The fact that my body is determined by laws of nature makes perfect
sense.  I don't want to think about breathing or digesting, and I
accept that it has rule I must follow to survive. I have learned that
I have to impose my will over my body with exercise because inertia is
easy to fall into physically.  It is often an act of will to start to
exercise, even though I enjoy it while I am doing it and afterwards. 
What's with that?  But I have learned that it wont happen if I don't
will it to happen.  This ramble is just me trying to think about where
the contradiction is that needs resolving.  I am not there yet.


> 
>    It is
> > far from the "only possible inference".
> > 
> > You must be referring to material you have read from him outside
> > this quote?
> 
> Nope.  It's from the essay (this'll turn you off
> real good!) "The 'I' That Is God."

Me:  I would be open to reading it.  I have learned not to assume that
I know what a person means when they use the word "God".  Sometimes it
just means life using more poetic language and that is fine with me. 
he probably has an interesting version of this concept.
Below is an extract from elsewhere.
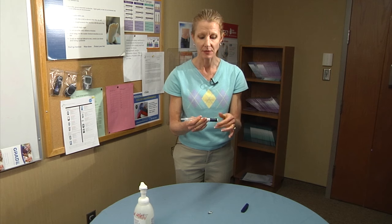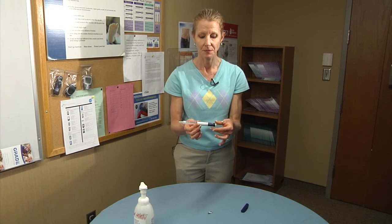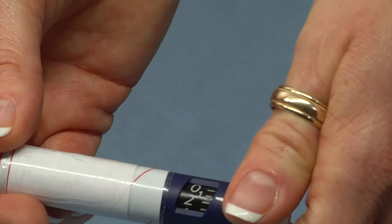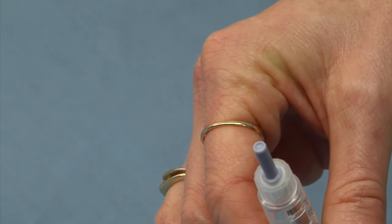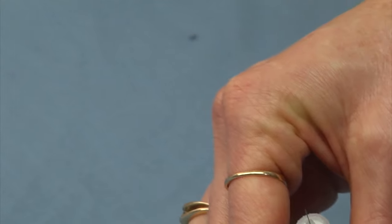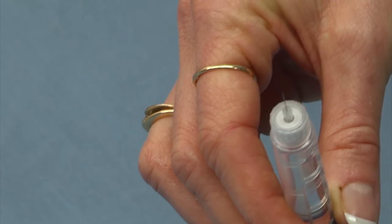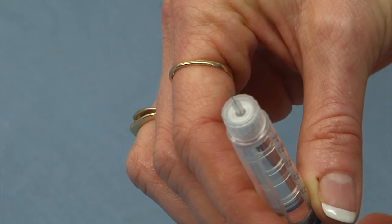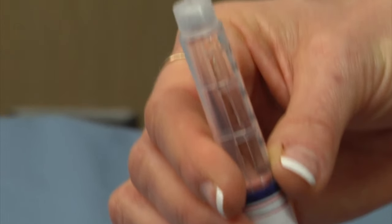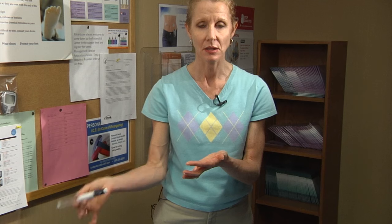Next you want to do what we call a safety check to make sure there's no air in the system. Dial the dose indicator to two units. Remove the outer needle cap and save that for later. The inner needle cap you can remove and throw away. Push on the injector button and watch the end of the needle to make sure you see some insulin come out — it might be a stream or just drops. As long as you see liquid, you know there's no air in the system.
High five for being thought provoking!

> 
>   Is this from "What is Life?"
> > I read it years ago.
> > 
> > Your commentary was interesting.  I don't have a well formed opinion
> > about relating the rules governing atoms and our thoughts.  It just
> > seems like more proof by analogy than good science or good philosophy
> > to me.  I can't say that I believe they are separate, because I don't
> > know enough about either side.  But I can challenge that he knows that
> > they do.  He is putting together ideas that may not go together.
> > This is Wilber's point right?
> > 
> > I read your post many times and wrote quite a few responses before
> > coming up with this lame contribution!  I enjoyed it though. 
> 
> Likewise.  A thought-provoking discussion.